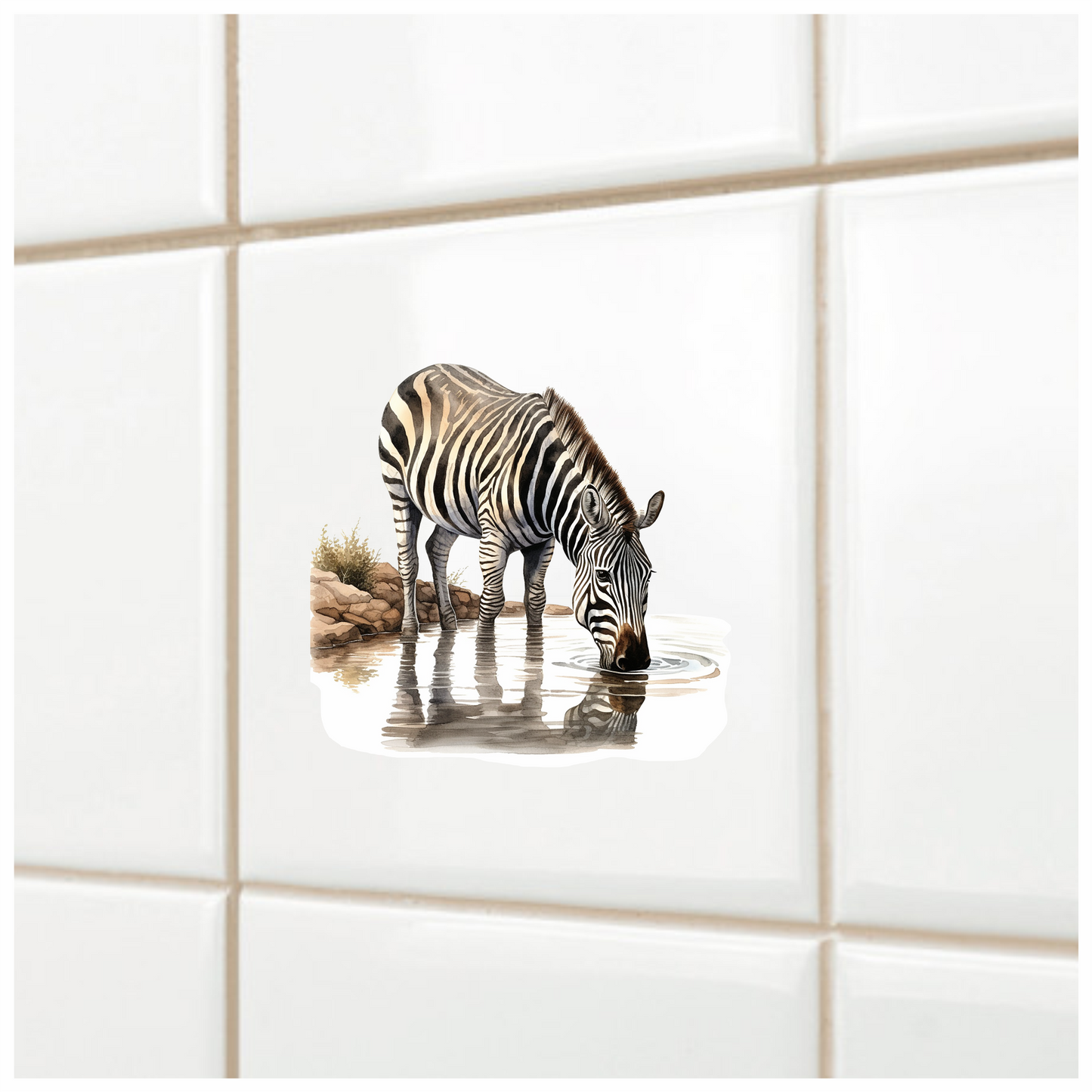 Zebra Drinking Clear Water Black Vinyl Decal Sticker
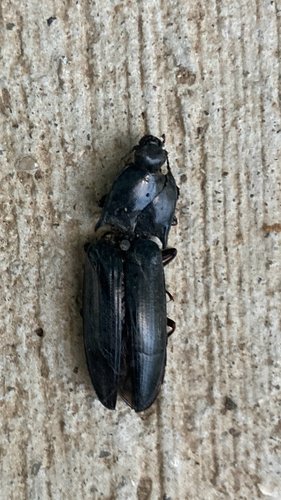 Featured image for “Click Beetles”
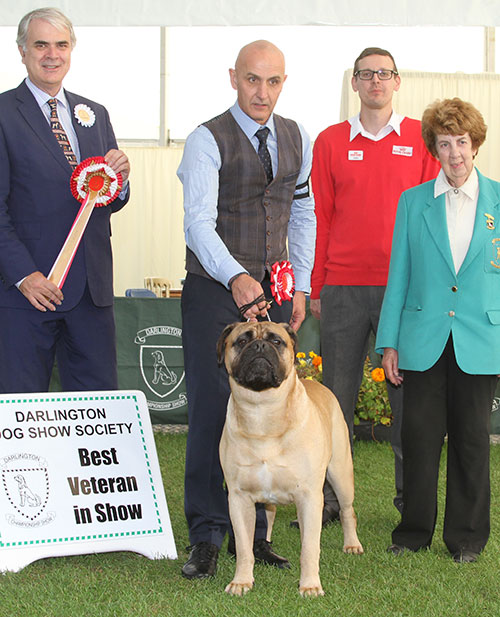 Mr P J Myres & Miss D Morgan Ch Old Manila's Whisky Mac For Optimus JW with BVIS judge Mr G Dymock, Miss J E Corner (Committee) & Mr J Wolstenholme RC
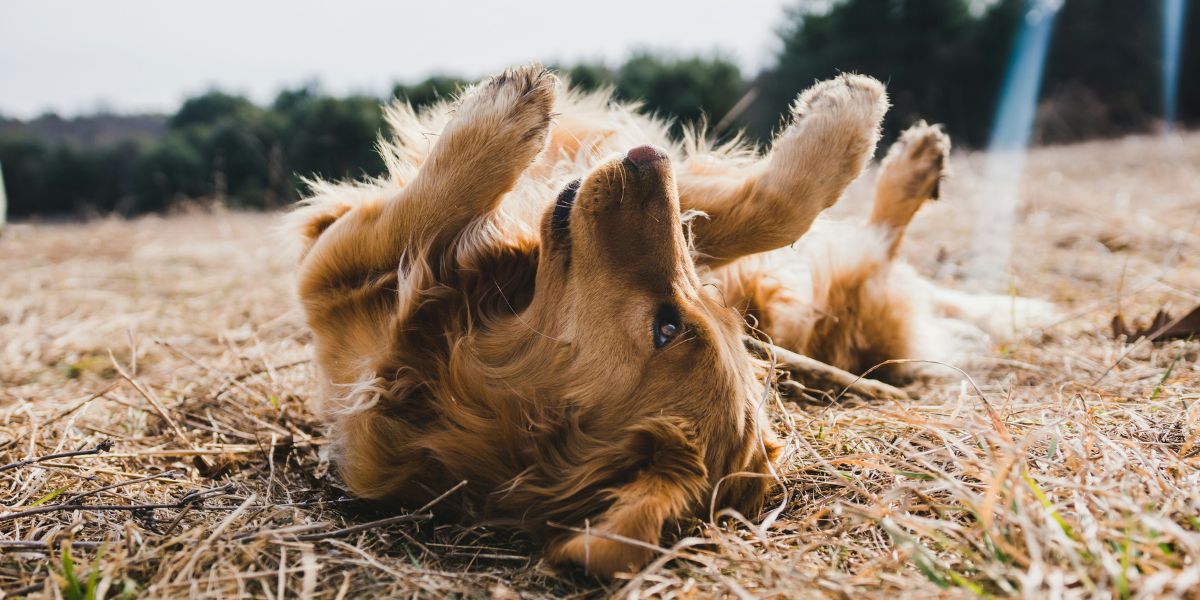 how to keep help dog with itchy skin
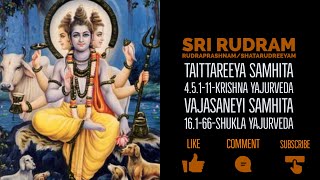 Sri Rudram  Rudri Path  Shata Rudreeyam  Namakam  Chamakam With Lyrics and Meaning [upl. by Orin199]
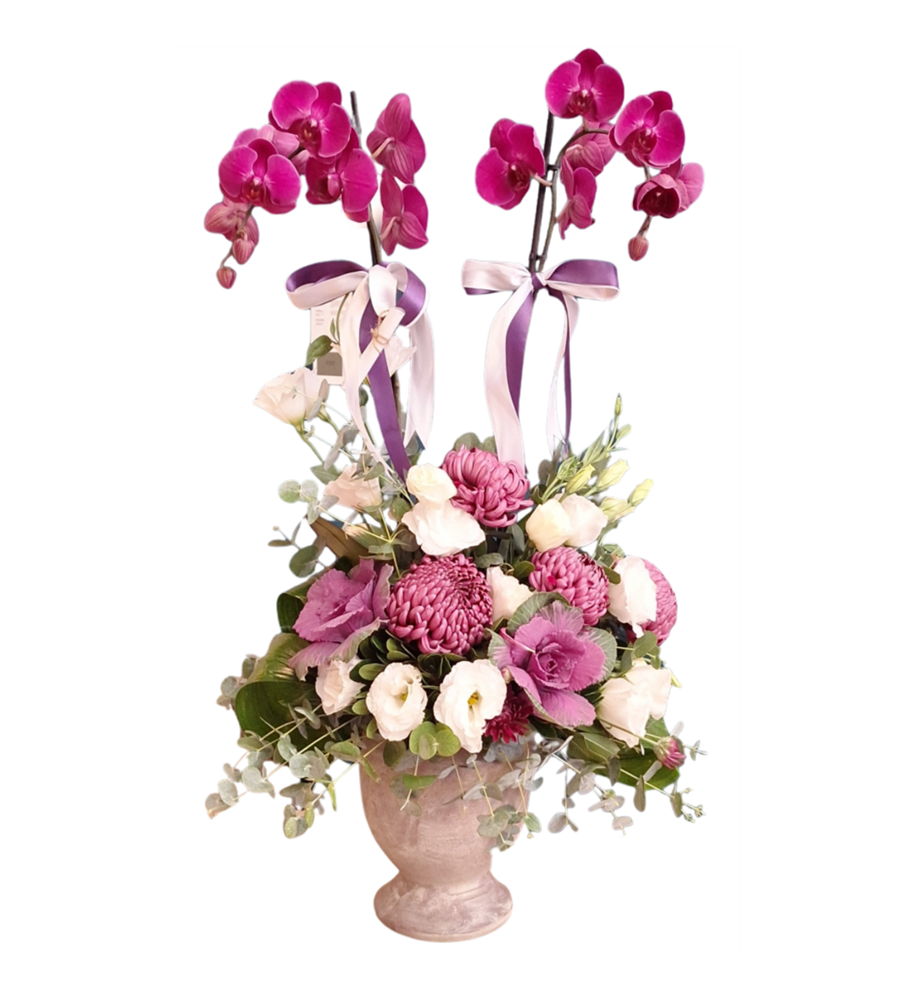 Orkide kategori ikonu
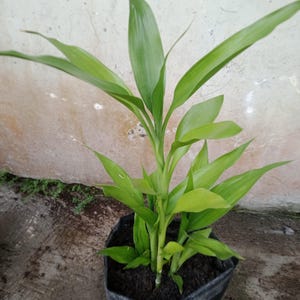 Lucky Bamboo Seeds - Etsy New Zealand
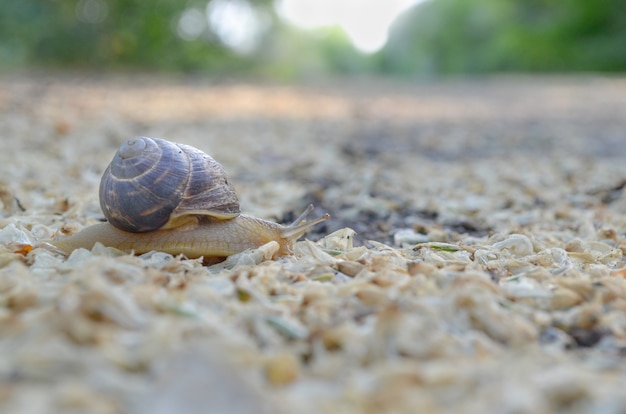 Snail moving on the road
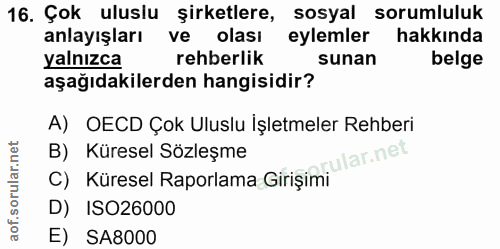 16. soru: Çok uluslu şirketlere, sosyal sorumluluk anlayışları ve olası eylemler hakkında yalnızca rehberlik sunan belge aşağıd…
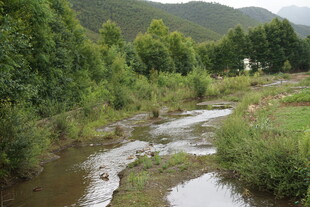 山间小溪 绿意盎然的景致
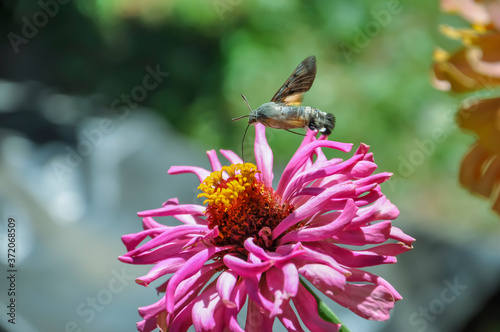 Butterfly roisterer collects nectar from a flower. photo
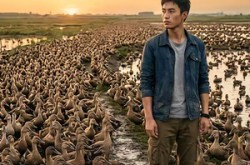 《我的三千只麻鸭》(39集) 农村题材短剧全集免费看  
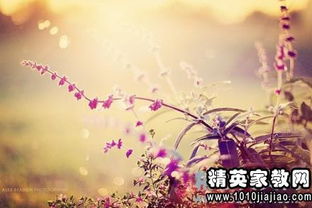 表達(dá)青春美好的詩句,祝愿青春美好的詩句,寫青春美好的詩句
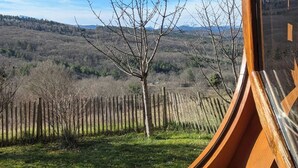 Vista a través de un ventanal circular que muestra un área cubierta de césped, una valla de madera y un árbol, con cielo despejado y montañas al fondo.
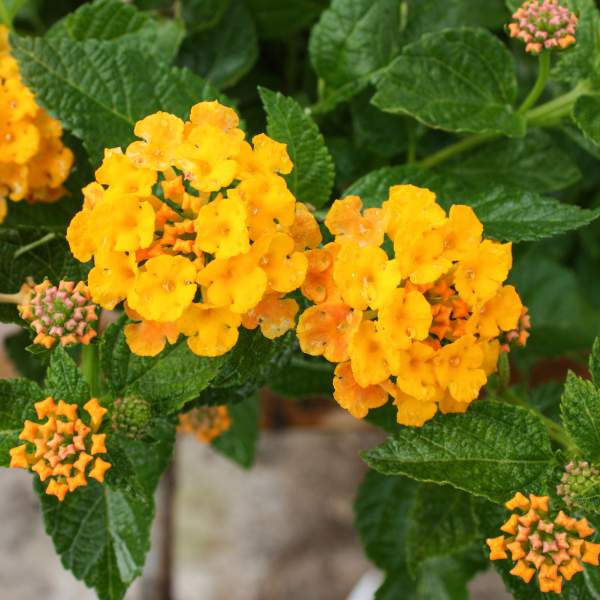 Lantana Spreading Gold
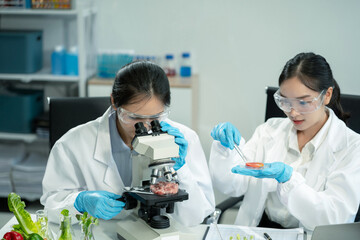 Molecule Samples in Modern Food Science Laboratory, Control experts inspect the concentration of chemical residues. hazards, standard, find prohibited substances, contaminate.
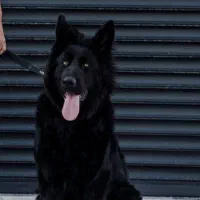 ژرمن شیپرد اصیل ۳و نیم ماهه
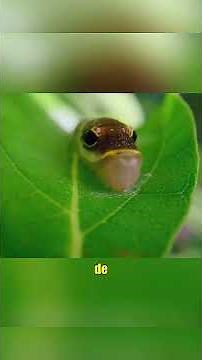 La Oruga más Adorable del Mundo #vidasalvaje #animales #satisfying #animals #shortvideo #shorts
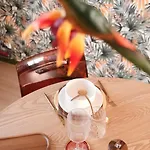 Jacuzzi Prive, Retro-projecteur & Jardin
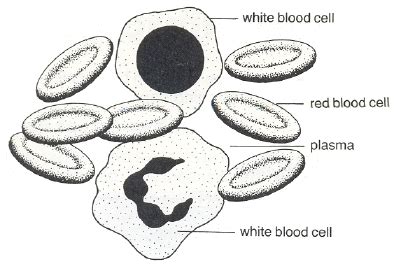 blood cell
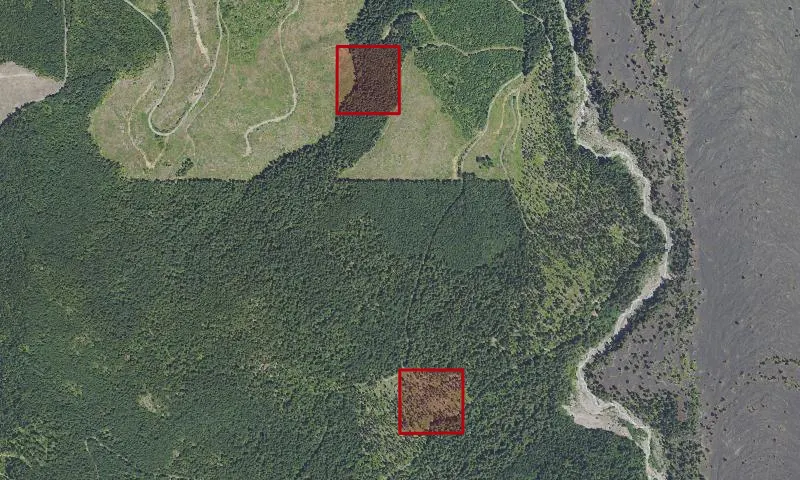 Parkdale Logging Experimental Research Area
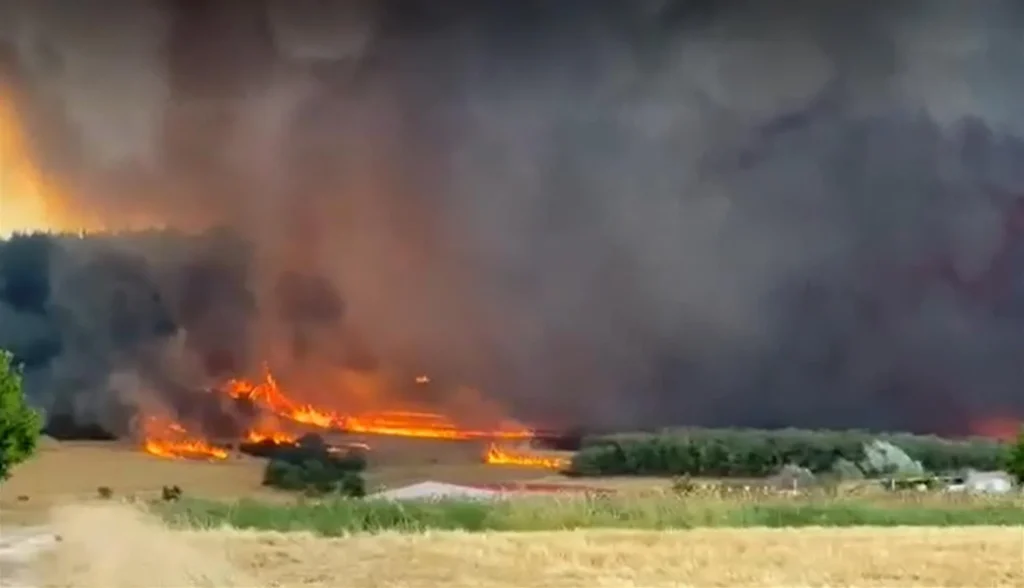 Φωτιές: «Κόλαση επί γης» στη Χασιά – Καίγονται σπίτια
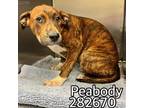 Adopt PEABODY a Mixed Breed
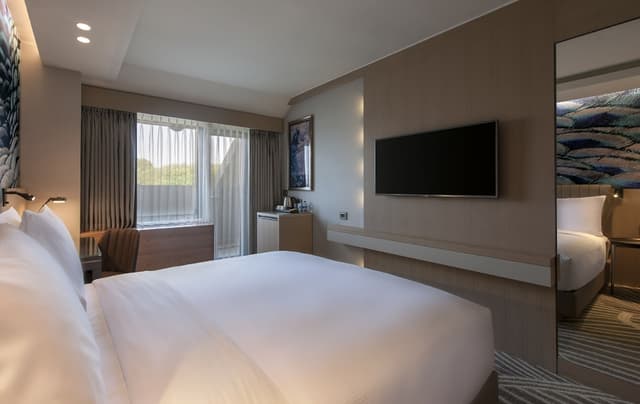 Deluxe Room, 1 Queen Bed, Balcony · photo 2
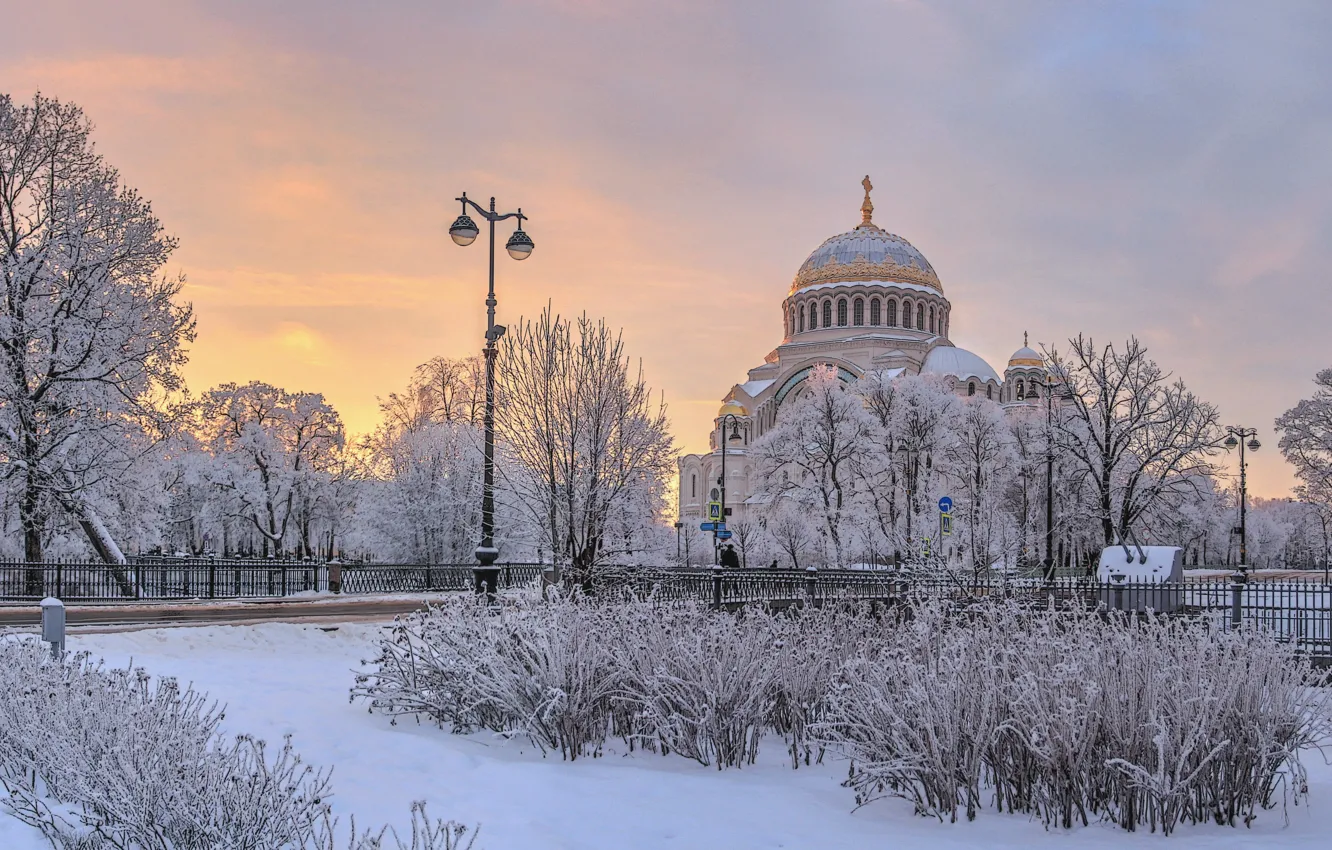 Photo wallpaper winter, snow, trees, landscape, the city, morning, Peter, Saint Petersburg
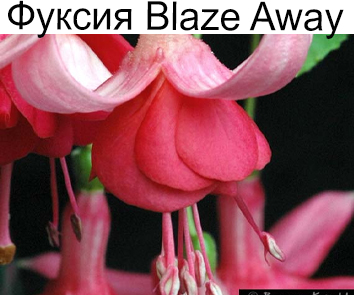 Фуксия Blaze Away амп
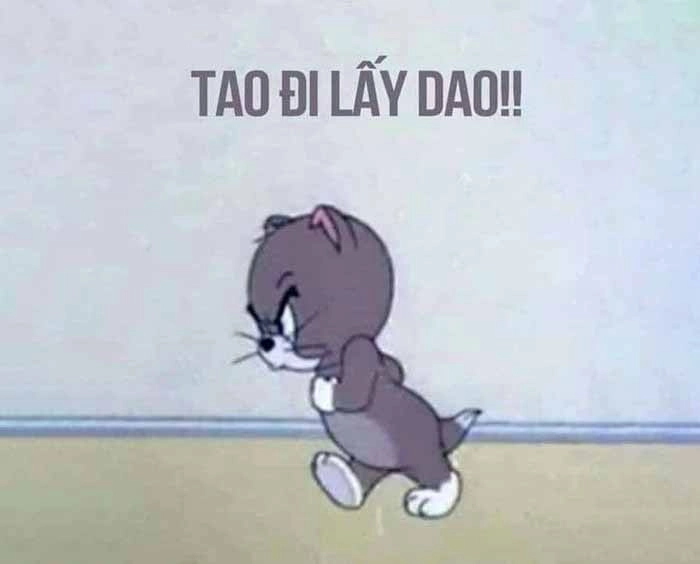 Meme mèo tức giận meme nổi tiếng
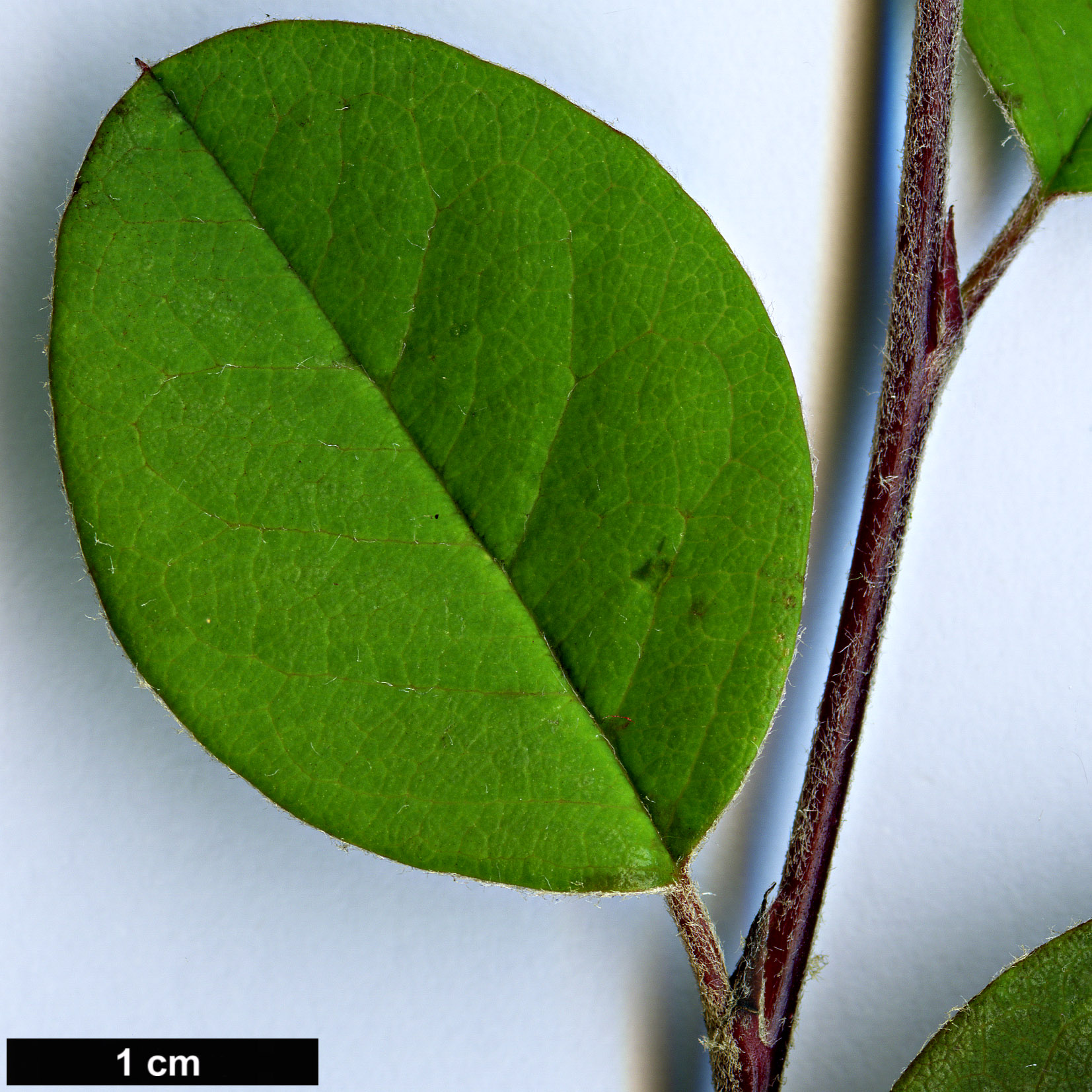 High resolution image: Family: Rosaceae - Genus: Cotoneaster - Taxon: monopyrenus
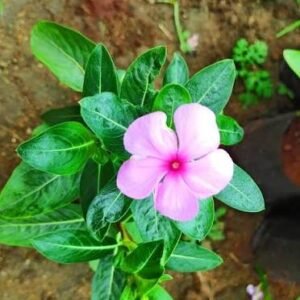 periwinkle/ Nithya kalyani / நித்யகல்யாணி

================================

Exercise objective: Write out exactly the lines from the one containing "La Oruga más" through the end of the records above, both included, leaving all pictures out.

Expected output:
 La Oruga más Adorable del Mundo #vidasalvaje #animales #satisfying #animals #shortvideo #shorts
 Jacuzzi Prive, Retro-projecteur & Jardin
 blood cell
 Parkdale Logging Experimental Research Area
 Φωτιές: «Κόλαση επί γης» στη Χασιά – Καίγονται σπίτια
 Adopt PEABODY a Mixed Breed
 Deluxe Room, 1 Queen Bed, Balcony · photo 2
 Photo wallpaper winter, snow, trees, landscape, the city, morning, Peter, Saint Petersburg
 Фуксия Blaze Away амп
 Meme mèo tức giận meme nổi tiếng
 High resolution image: Family: Rosaceae - Genus: Cotoneaster - Taxon: monopyrenus
 periwinkle/ Nithya kalyani / நித்யகல்யாணி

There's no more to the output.